§ Material for this task:
--------
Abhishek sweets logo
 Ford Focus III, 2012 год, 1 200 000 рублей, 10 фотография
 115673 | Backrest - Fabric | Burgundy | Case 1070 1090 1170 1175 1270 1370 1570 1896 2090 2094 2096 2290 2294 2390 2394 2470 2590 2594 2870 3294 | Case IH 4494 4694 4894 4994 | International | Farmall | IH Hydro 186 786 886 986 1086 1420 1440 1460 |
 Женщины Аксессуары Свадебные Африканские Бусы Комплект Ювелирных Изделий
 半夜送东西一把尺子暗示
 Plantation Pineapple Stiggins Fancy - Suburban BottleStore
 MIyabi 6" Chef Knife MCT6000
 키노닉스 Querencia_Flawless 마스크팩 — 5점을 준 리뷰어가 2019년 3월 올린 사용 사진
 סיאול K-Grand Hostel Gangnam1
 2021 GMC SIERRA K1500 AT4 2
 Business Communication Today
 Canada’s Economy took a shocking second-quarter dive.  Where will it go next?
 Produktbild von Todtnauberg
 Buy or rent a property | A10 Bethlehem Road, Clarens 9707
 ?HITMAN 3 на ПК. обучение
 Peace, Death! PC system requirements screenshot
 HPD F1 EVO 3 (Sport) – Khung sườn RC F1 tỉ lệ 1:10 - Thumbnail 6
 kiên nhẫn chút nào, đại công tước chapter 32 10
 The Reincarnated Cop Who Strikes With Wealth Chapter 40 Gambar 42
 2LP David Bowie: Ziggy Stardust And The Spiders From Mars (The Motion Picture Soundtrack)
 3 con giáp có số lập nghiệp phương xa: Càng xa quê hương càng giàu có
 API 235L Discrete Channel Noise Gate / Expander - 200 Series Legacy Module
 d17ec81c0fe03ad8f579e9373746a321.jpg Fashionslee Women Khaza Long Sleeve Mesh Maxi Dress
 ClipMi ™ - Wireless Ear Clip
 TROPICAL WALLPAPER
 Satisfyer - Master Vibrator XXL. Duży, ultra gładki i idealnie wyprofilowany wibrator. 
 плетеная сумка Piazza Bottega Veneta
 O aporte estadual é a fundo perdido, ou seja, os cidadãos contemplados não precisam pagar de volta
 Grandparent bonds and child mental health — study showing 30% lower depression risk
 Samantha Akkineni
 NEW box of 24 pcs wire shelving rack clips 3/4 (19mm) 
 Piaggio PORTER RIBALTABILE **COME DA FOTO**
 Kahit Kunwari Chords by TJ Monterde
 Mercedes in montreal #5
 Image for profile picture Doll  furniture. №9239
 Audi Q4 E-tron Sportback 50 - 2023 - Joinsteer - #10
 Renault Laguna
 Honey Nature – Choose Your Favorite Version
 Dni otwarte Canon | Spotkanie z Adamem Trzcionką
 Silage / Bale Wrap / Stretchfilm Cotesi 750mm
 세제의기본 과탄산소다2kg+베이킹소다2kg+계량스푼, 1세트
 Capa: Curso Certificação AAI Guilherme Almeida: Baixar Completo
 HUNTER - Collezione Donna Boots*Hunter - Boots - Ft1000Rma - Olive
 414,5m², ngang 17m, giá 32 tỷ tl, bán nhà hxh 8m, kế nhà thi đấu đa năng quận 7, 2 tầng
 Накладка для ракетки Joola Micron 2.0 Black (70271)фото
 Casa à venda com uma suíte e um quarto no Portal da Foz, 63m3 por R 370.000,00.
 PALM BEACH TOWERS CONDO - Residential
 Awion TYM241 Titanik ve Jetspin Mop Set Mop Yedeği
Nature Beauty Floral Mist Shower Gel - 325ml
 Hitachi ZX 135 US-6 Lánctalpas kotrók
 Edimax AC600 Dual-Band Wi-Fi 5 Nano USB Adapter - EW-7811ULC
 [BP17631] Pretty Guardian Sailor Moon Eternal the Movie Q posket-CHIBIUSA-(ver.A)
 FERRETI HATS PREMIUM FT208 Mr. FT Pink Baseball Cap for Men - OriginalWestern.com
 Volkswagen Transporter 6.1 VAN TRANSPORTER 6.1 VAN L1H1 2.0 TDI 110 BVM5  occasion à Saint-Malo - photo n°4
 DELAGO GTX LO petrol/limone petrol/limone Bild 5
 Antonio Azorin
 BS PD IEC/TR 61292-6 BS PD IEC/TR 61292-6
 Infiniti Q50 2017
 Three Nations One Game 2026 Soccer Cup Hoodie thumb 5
--------
§ What is needed: In the listing above, locate the line containing "API 235L Discrete" and the line containing "O aporte estadual", then transcribe both and every line between them verbatim.

§ Answer box:
 API 235L Discrete Channel Noise Gate / Expander - 200 Series Legacy Module
 d17ec81c0fe03ad8f579e9373746a321.jpg Fashionslee Women Khaza Long Sleeve Mesh Maxi Dress
 ClipMi ™ - Wireless Ear Clip
 TROPICAL WALLPAPER
 Satisfyer - Master Vibrator XXL. Duży, ultra gładki i idealnie wyprofilowany wibrator. 
 плетеная сумка Piazza Bottega Veneta
 O aporte estadual é a fundo perdido, ou seja, os cidadãos contemplados não precisam pagar de volta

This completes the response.